How does TAS differ from traditional selling?
Altify has been around since the beginning of target account selling. Indeed, we shaped the category, with TAS methodology baked into our software solution since the beginning. Although our software has evolved overtime to simplify selling in an increasingly complex business environment, today our TAS solution still follows the key characteristics of target account selling. These principles are as follows:
Key Characteristics of TAS
- Focus on high-value accounts: TAS prioritizes accounts with significant revenue potential. This strategy is most effective for sales organizations focusing on large, complex sales processes where there is much to gain from winning a deal over the long-term as opposed to just a transactional sale.
- Deep customer understanding: TAS focuses on truly understanding the customer’s unique business challenges and goals. This requires in-depth research and two-way conversation with the buyer to uncover an accounts’ needs, challenges, and buying processes.
- Personalized engagement: Leveraging the power of an entire revenue team, TAS helps sellers execute on tailored sales and marketing efforts to address specific account pain points in a way that would be impossible for a lone seller to achieve on their own.
- Cross-functional collaboration: Of course, in order to collaborate and execute on these tailored plans, revenue teams need to work closely across roles and functions to deliver unparalleled buying experiences for their customers. This includes close cooperation between sales, marketing, and customer success teams.
- Long-term relationships: Finally, TAS puts the relationship at the heart of the deal where sellers seek to build strong, lasting partnerships with key decision makers in accounts.
The problem with lone wolf selling
In a world without a targeted and strategic approach to selling, it’s much too common for sellers to simply gain a primitive understanding of an account before formulating a proposal, and shooting that proposal off to a desired customer, only to move on to the next one.
Lone wolf sellers, or those sellers largely acting alone, have a tough time standing out from the crowd in a hyper competitive business landscape. This is due to a fundamental change in the B2B sales space that has proven that lone wolf sellers and transactional sales approaches are largely out of place in a modern, B2B selling motion – one that prioritizes relationships over all other aspects of a sale.
The world has evolved and left lone wolf sellers behind.
Here’s why lone wolf selling doesn’t cut it anymore.
The primary reason is that buying groups have evolved beyond one wolf sellers. What are buying groups? Buying groups are essentially groups of decision makers within accounts responsible for a purchasing decision. There are many reasons why buying groups have become instrumental to the purchasing decision a large enterprise makes, and also explains the evolution of the revenue team. It takes a team to sell to a team.
Along with the challenge of attempting to concur buying groups, here’s why it takes an entire team to close a deal:
Buyers expect more
Additionally, buyers have come to expect more out of the buying journey and sales process than to be treated merely transactionally. They want sellers to show interest and understanding about their business, even desiring sellers to have as deep of an understanding about their challenges, goals and objectives as they have themselves.

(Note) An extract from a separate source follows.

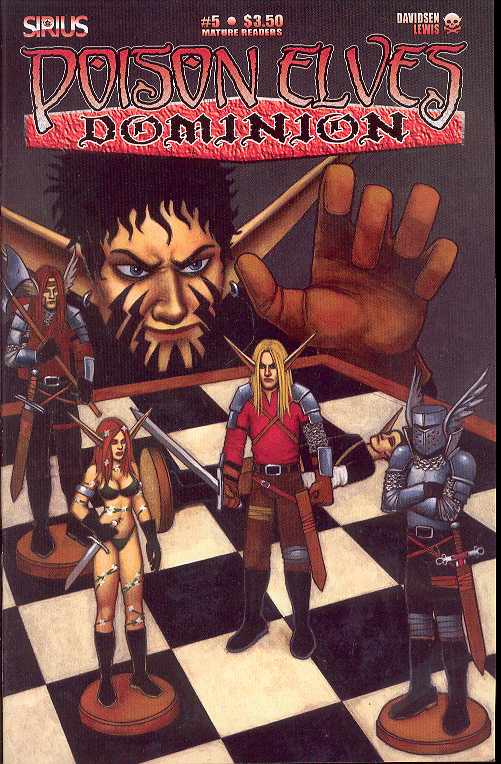 POISON ELVES DOMINION #5 (MR)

This is especially true when it comes to big purchasing decisions. While a transactional seller might succeed in situations where the stakes are low, when the stakes are high, buyers expect to be guided by a seller who acts as an advisor.
For buyers, having a selling team invested in their business is a better investment down the line. As veteran seller Scott Jackson points out in Not Just Another Vendor, when it comes down to it buyers will choose a solid relationship with sellers who understand and solve challenges than just a product specific fit.
“When you come up in a sales culture that doesn’t think strategically nor does account planning, everything is opportunistically focused,” Scott says. “A lot of the salespeople I encounter basically just show up in front of potential customers and say, ‘Here’s my list of tools; what can I sell you today?’ instead of coming in with the intent to understand more deeply how they can help someone achieve their goals.”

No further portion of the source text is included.